株価だけぬくぬくとして寒の内 杉山 三薬
株価だけぬくぬくとして寒の内 杉山 三薬
『この一句』
この句が投じられたのは、令和6年1月13日、土曜日の酔吟会のことだった。前日1月12日の日経平均の終値は3万5577円、前年12月29日、大納会の終値が3万3464円だったから、およそ2110円の値上がりになる。ちなみに令和5年に株価は7470円ほど上昇した。それと比較しても結構な値上がりぶりで、よって「ぬくぬく」となるわけだ。
その理由づけは日本企業の稼ぐ力が強化されたとか、円安の進行によるとか、いろいろある。ゼロ金利からの出口戦略を決断できない日銀の腹の内を見透かして、ということも。昨年、物価はかなりの勢い、幅で上昇し、賃金もまた上昇した。
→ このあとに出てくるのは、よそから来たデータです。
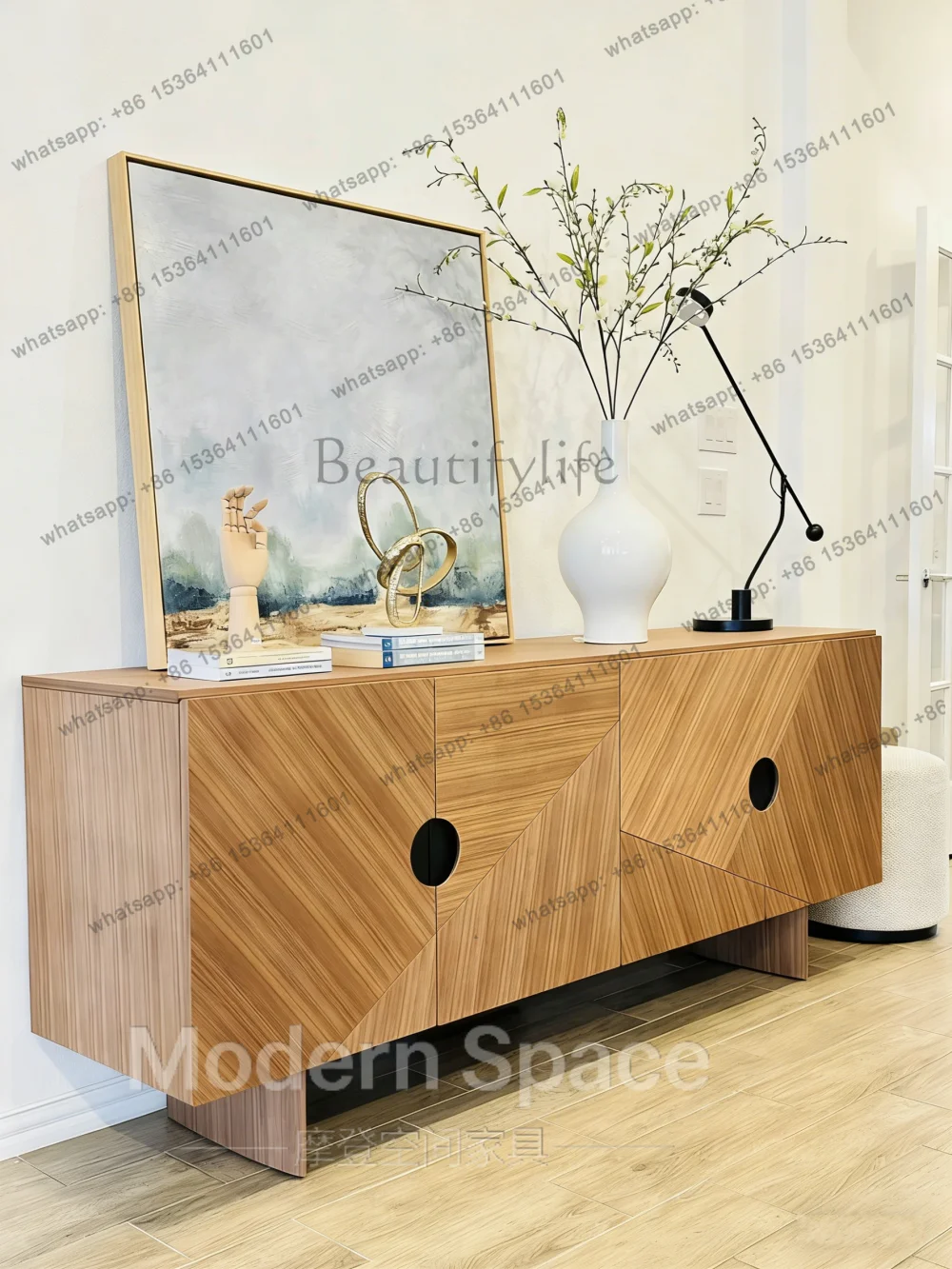 

Medieval minimalist wabi sabi oak black walnut TV cabinet entrance living room premium dining side foyer cabinet
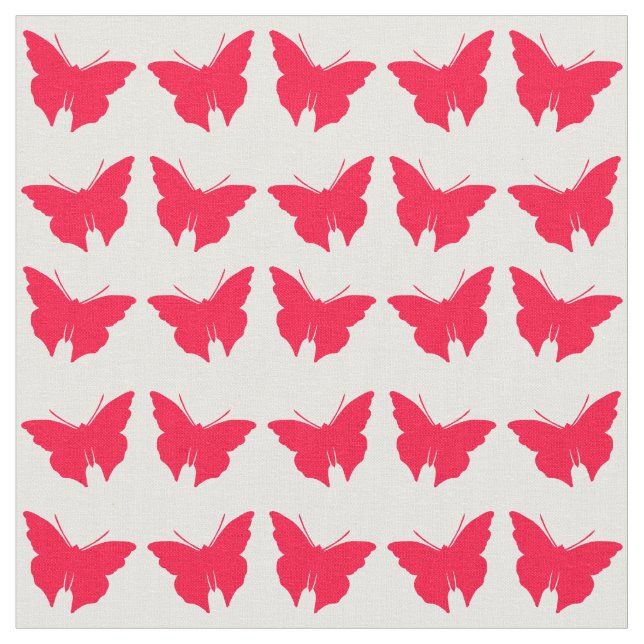 Rouge Bold Mod Butterflies Fabric (Close Up)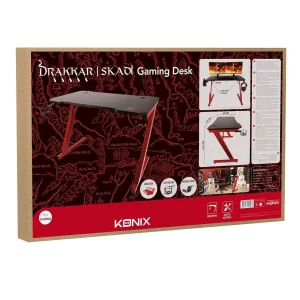 magasin Innelec Table Gaming Bureau De Gamer Drakkar SKADI – Noir Et Rouge – Repose Ca… 12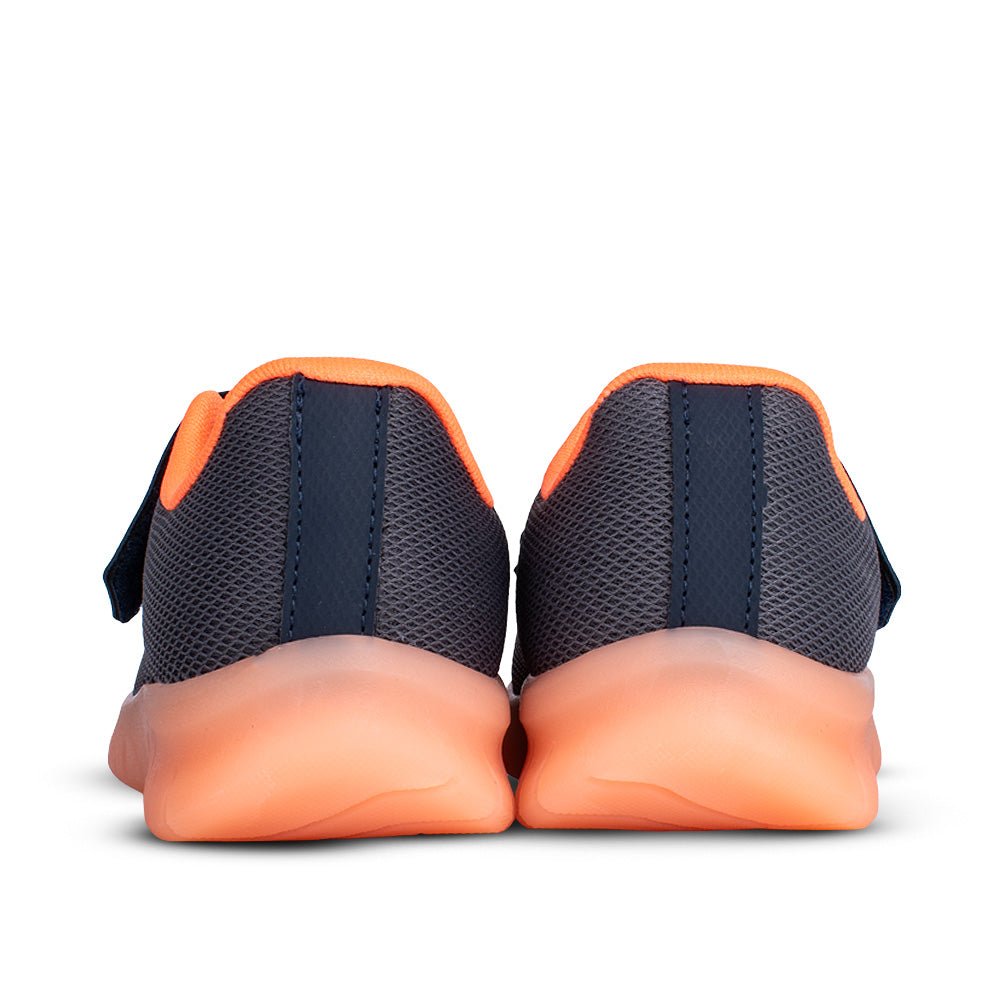 Tênis Infantil Menino Kidy Light Fun Marinho Grafite e Laranja Neon Pisca - Pisca e Velcro - Kidy Calçados - 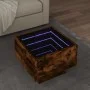Mesa auxiliar y LED madera ingeniería roble ahumado 40x40x30 cm de , Mesas de centro - Ref: Foro24-847501, Precio: 68,12 €, D...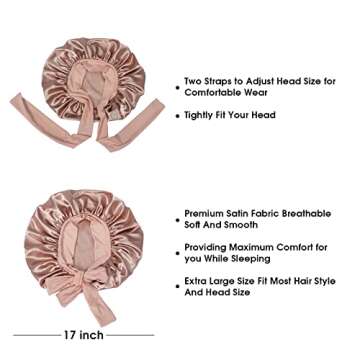 Hanbertti 2 Pack Silk Satin Hair Bonnet Sleeping Hat with Stretch Tie Band Bonnets Silk Bonnet Satin Bonnet Adjustable Bonnet for Curly Hair Sleeping Adult Women Girls（Black+Coral Red）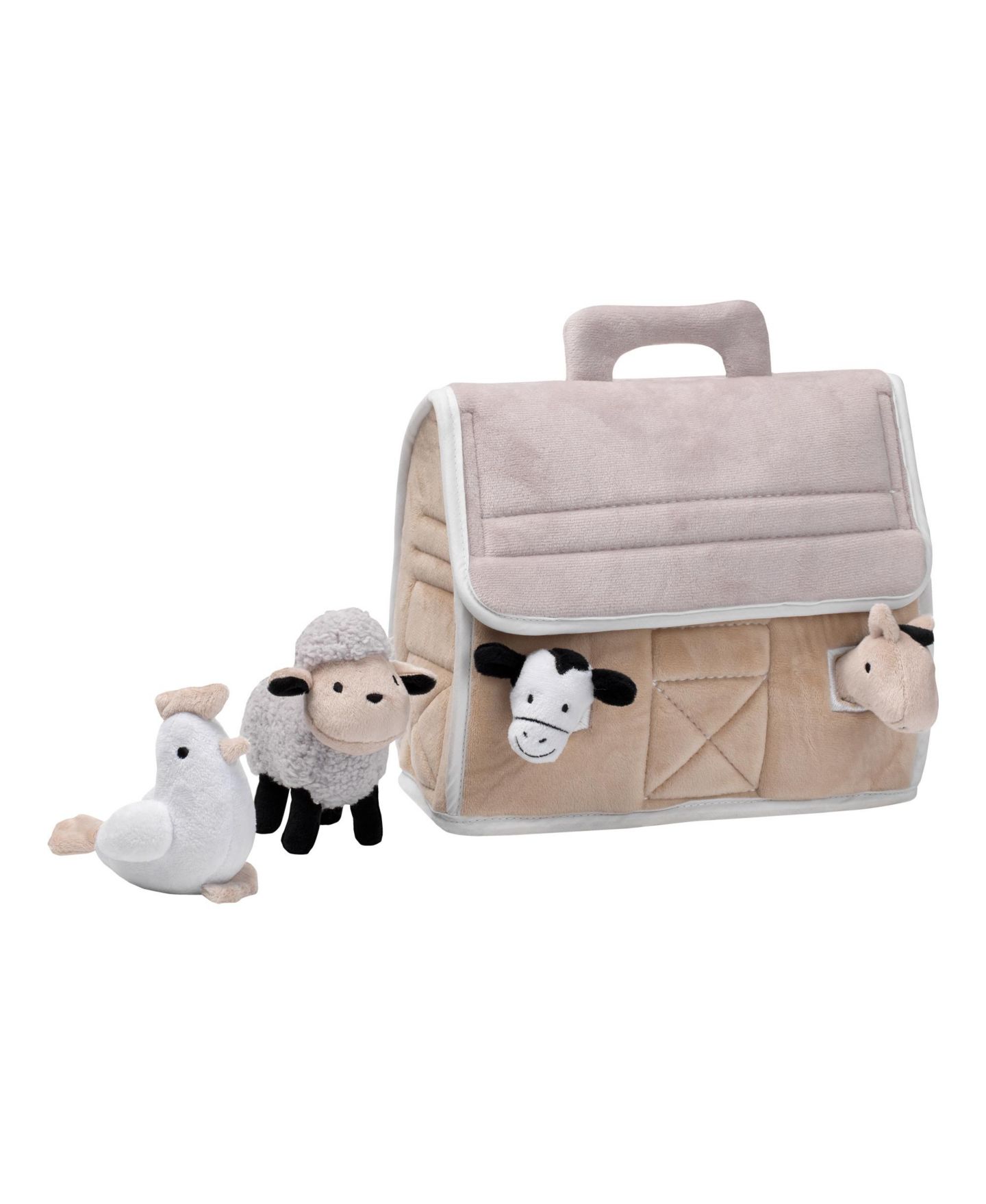 Детские мягкие игрушки Lambs & Ivy Farm Animals Plush Barn, 5-Piece Set, цвет: Серо-коричневый — фото 1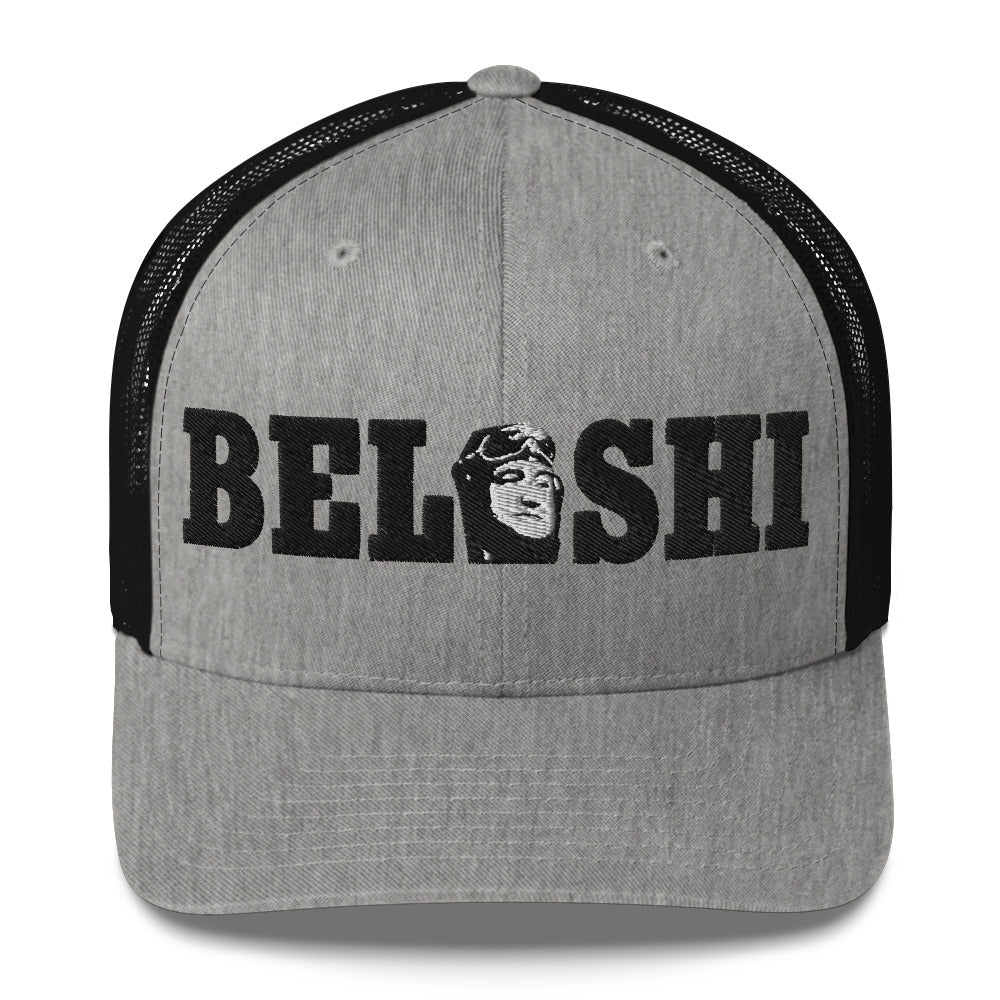 Belushi Trucker Cap in gray and black with embroidered logo, combining vintage style and humor.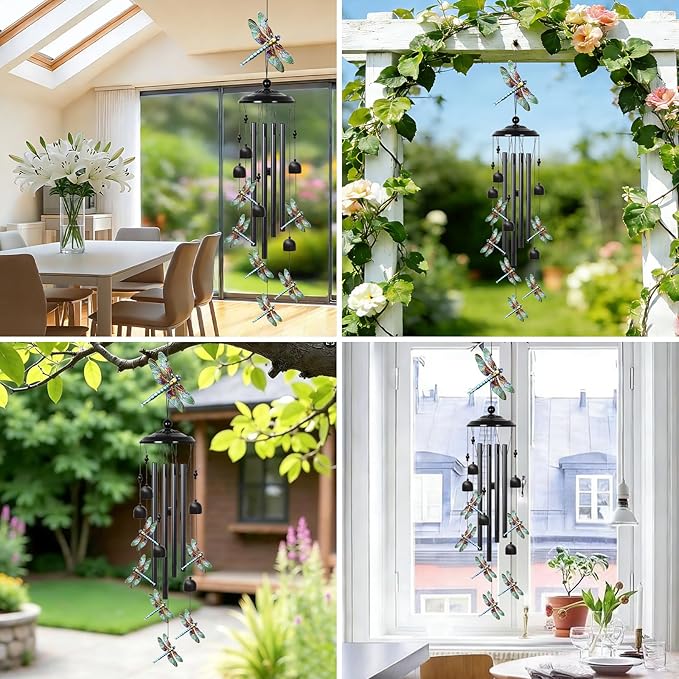 Dragonfly Wind Chimes Outdoor with 4 Aluminum Tubes 36" Decorative Dragonfly Gifts for Women Rustic Design Hanging Wind Chime for Outside with Ring Home Decor for Garden Patio Yard Window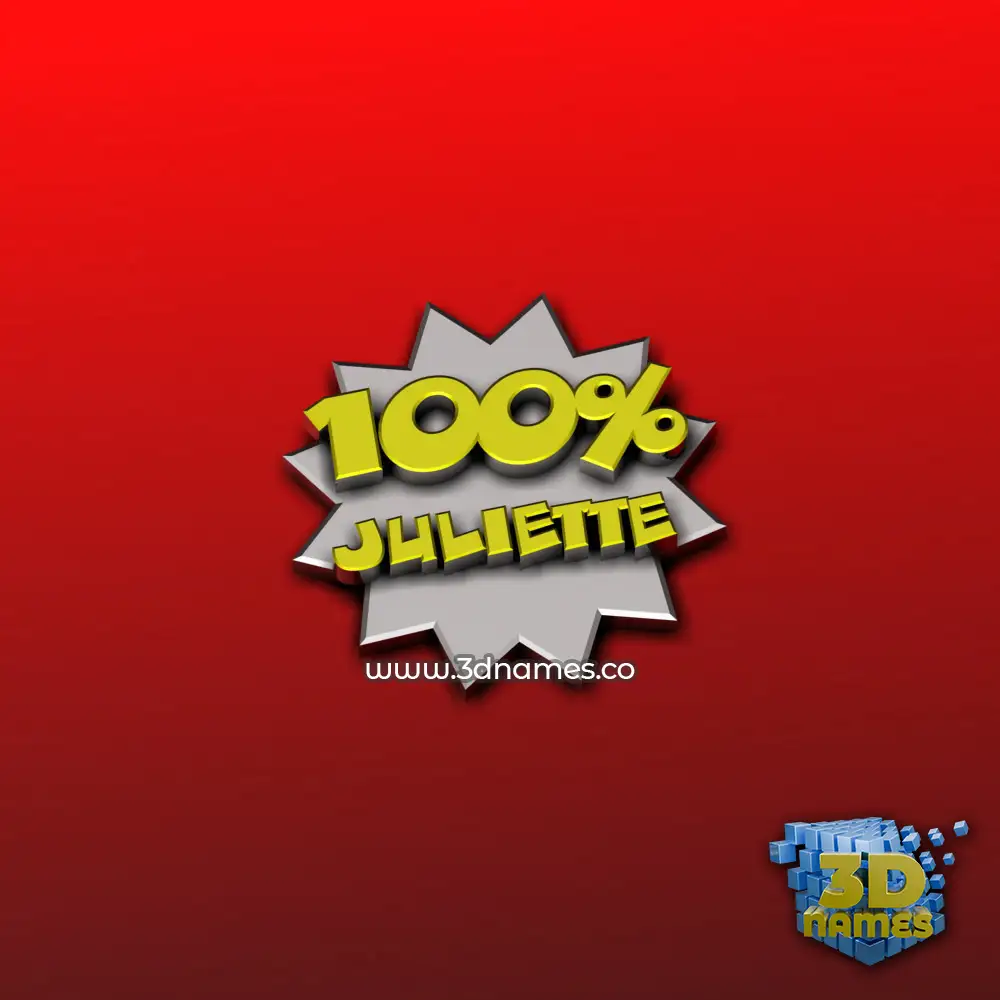 juliette in 100 Percent style - 3D name wallpaper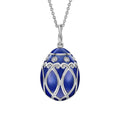 Forever Guilloché Enamel Egg Pendant - White Gold and Royal Blue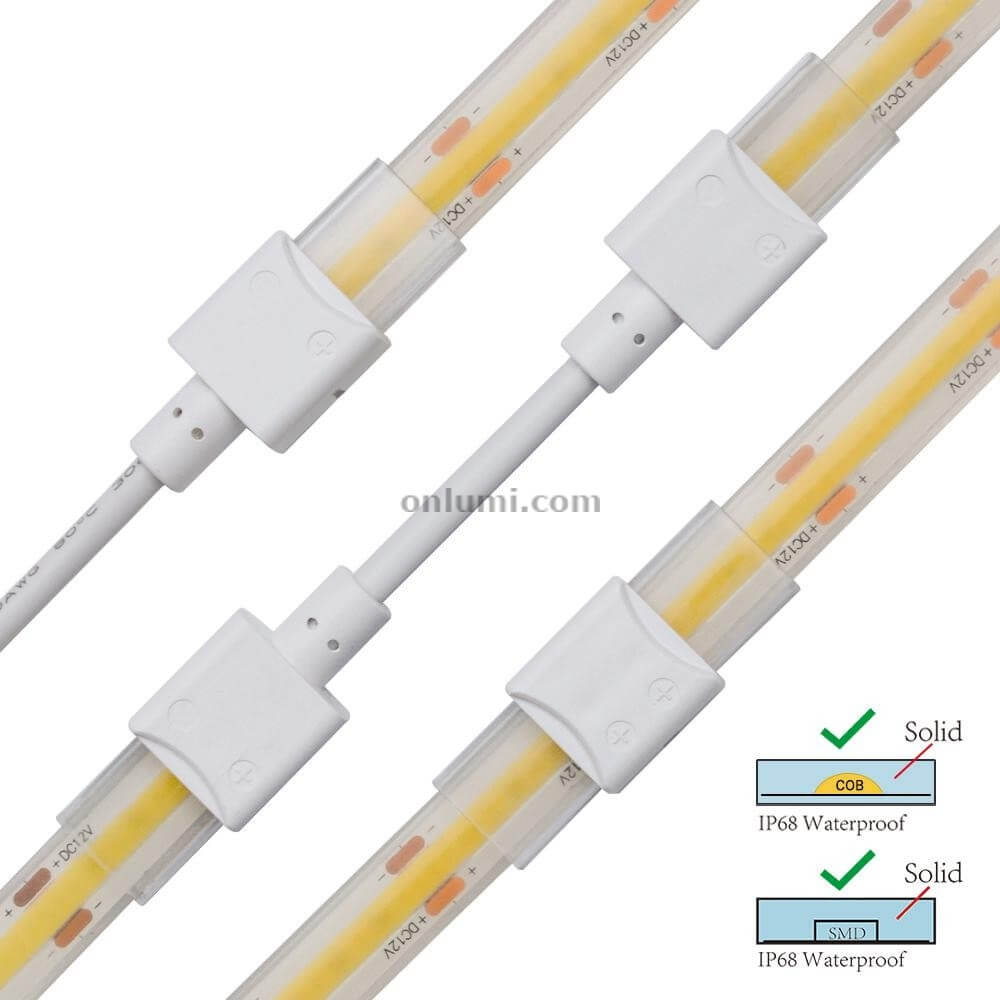 connector for IP68 cob led strip 8mm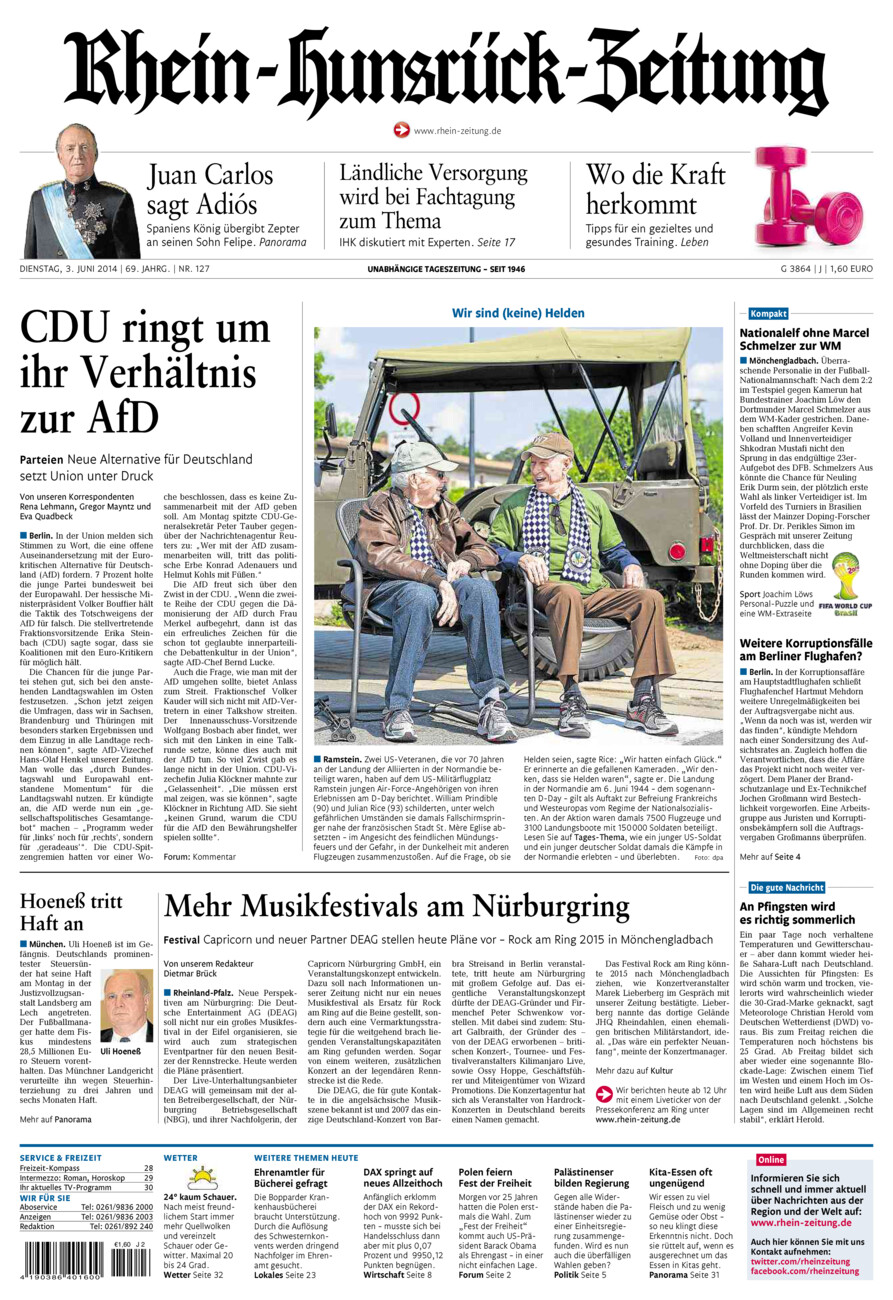 Rhein-Hunsrück-Zeitung vom Dienstag, 03.06.2014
だが、昨今の実質賃金はマイナスなので、庶民は「ぬくぬく」というわけにはいかない。
と書いて来て思い当たった。「ぬくぬくしているのは株価だけではない。パーティー資金を懐に入れた安倍派の幹部、五人衆などがもっとぬくぬくしていたのではないか」と。付言すれば、パーティー券を買った企業や経済団体のお偉方は「ぬくぬく」なのか「ひやひや」なのか。ともあれ、俳句も乙に澄まさず、もっと政治や経済のことを取り上げていい。